Master Musicians of Jajouka

After that warm-up, excitement levels in the hall were at a record high, and the roar which greeted Ornette Coleman to the stage was a mighty one. His deceptively frail-looking 79 year-old frame (extravagantly wrapped tonight in a gold suit and green shirt) was accompanied tonight by his son and long time drummer Denardo, and pair of bassists Tony Falanga and Al McDowell. The excitement was punctured pretty quickly for me when they started: the sound was initially horrible. Ornette caught the engineers on the hop by talking to the audience at the off, speaking into a dead mike. Dennardo’s energetic flapping behind the kit (his exciteable mannerisms remind me of a pigeon bathing in a birdbath) was both too loud and strangely flat and – unforgiveably – Ornette was far too quiet. When he played in his lower register, the strain of trying to pick him out of the murky bottom end actually made my head hurt. Bill Frisell soon joined them on stage, but he too was initially indistinct – I began to wonder if they had actually soundchecked at all. Patti Smith’s later unbilled appearance, adding (I assume) improvised lyrics on the theme of “In All Languages”, seemed to surprise the engineers as much as it surprised us, beginning in silence before shooting up to a volume which bordered on the painful.

A few songs in, someone in the crowd beat me to it by bellowing “turn Ornette up!” – thankfully, they did turn him up a bit, and we were able to hear just what astonishingly good form he was in. He hardly stopped playing throughout the entire gig, shuffling between his white alto, his trumpet, and for one brief moment, his violin. However it was on alto that he continually blew my mind, singing and declaiming in that familiar tone, that shrieking, bluesy timbre. Tonight’s performance was called “Reflections on The Shape Of Jazz To Come”, and a couple of tracks from that 1959 album were played tonight in the shape of “Peace” and “Congeniality” (no “Lonely Woman”, sadly), the latter in particular featuring some great interplay between Ornette and an otherwise restrained Frisell, with the guitarist playing on the theme and Ornette dancing fleet-footedly around it. The highlight of the evening however was when the Master Musicians of Jajouka took to the stage to build their thick, seemingly endless, Moroccan wall of sound, challenging Ornette to vault it. Against their deep drones he played a succession of short, repeated phrases – wailing on sax, squawking on trumpet, lingering powerfully on the top notes.
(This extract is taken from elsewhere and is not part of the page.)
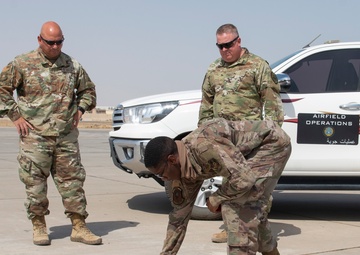 In Your Boots: 407th EOSS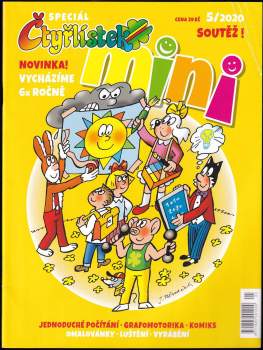 Čtyřlístek mini speciál, 5/2020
Particularly when Denardo’s drums dropped out, Ornette’s sax sang out round the hall like a call to prayer – this was an intense and emotional experience which I didn’t want to end. I wish more jazz was shaped like this (and that I was back to see him play again on Sunday. Hope they’ve sorted out the sound by then).

[NB: I couldn't for the life of me secure a photo pass for this, but there are some great pictures here courtesy of Pixgremlin]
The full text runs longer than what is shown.